Desde San Andrés, algo más allá del castillo caído, partía una pista de tierra que transcurría a lo largo de los laterales del campo de fútbol y del cementerio y desembocaba en una explanada, delante del Bar Ramos, hasta la que podían llegar los coches. Para adentrarse y llegar a la arena, había que hacerlo a pie. El que quisiera acceder directamente al final de la playa, tenía que bajar, - también a pie -, por otra pista de tierra, que arrancaba en la curva siguiente a los semáforos que hoy se encuentran en el acceso a Las Teresitas y su cruce con la carretera que se dirige a Las Gaviotas e Igueste de San Andrés. De ese camino, apenas quedan vestigios debido a los movimientos de tierra que se han hecho a lo largo de los anteriores intentos de transformación de la playa. Era relativamente corto y pasaba por detrás de aquella única edificación formal que se encontraba cerca de donde terminaba la playa.

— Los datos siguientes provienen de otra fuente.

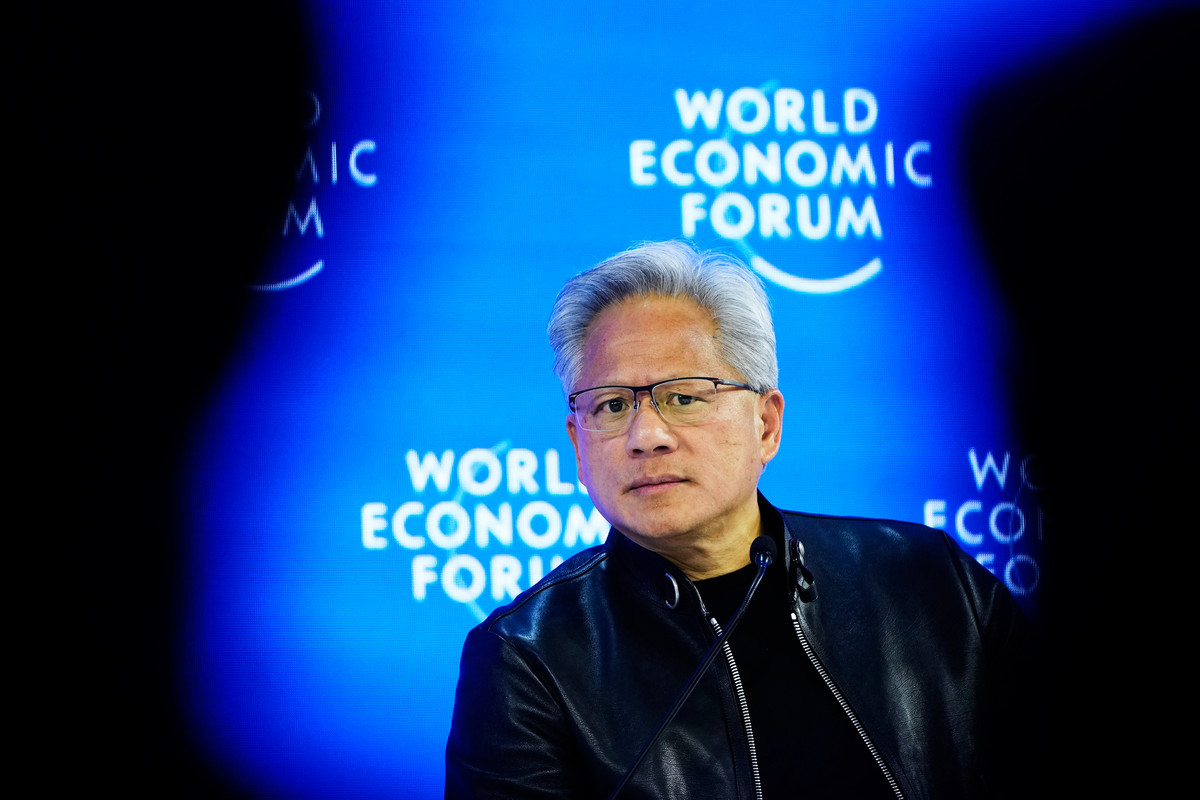 Jensen Huang primeste o invitatie de ultim a ora la summitul Trump Xi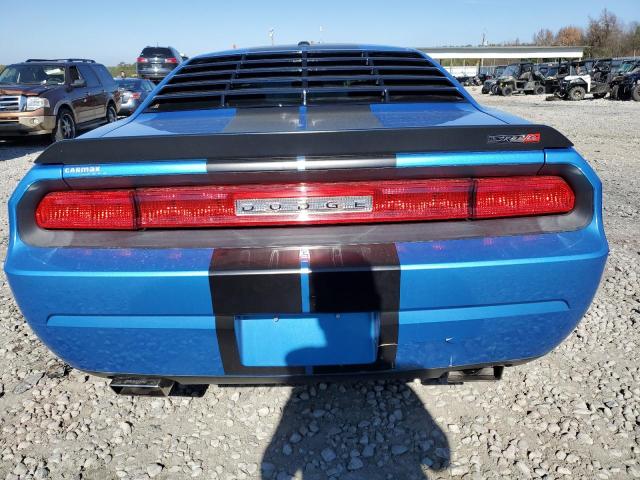 Photo 6 from auction – 2010 DODGE CHALLENGER with VIN 2B3CJ7DW4AH130136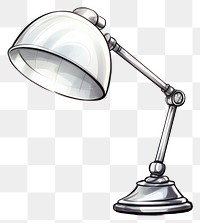 PNG Lamp lighting illuminated transparent background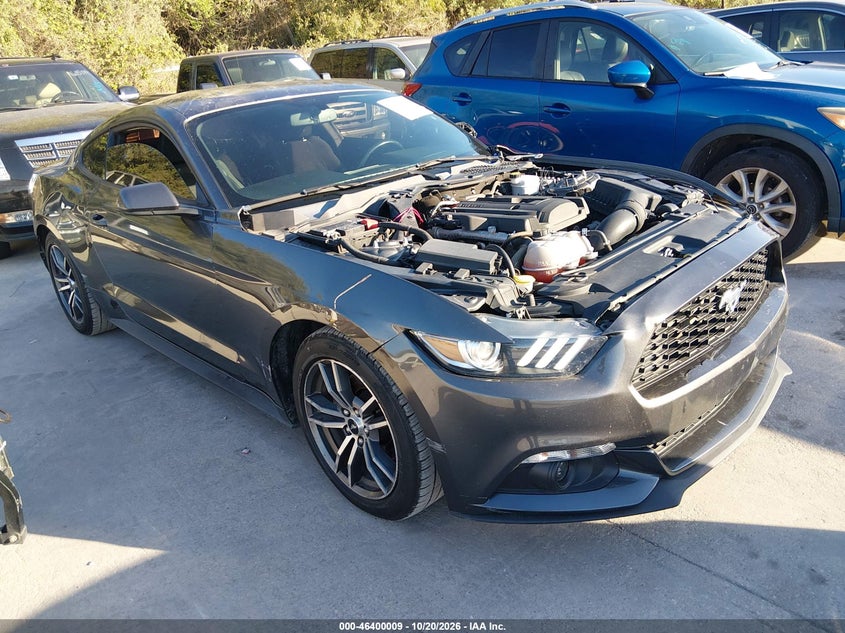 2017 FORD MUSTANG ECOBOOST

En Septiembre de 1960, ambos pasaron algunos días de su luna de miel en aquella desaparecida vivienda. Se habían casado, en Alemania, el 21 de Julio del mismo año y, desde allí, iniciaron su viaje de novios por varios lugares del mundo. Uno de ellos fue este pequeño, pero incomparable rincón, según sus propias palabras. Habían llegado a nuestra isla casi de incógnito. Tanto, que algún periodista local que sabía del acontecimiento reciente de su boda, trató de confirmar su presencia en estas tierras, en el consulado alemán, y siempre se le dijo que no sabían nada. Era la consigna ordenada desde su país, para preservar la intimidad de la real pareja. Pero, como "el que la sigue, la consigue", ese mismo periodista vio premiada su tenacidad, logrando una entrevista en exclusiva, en el mismo escenario en que vivían los Duques.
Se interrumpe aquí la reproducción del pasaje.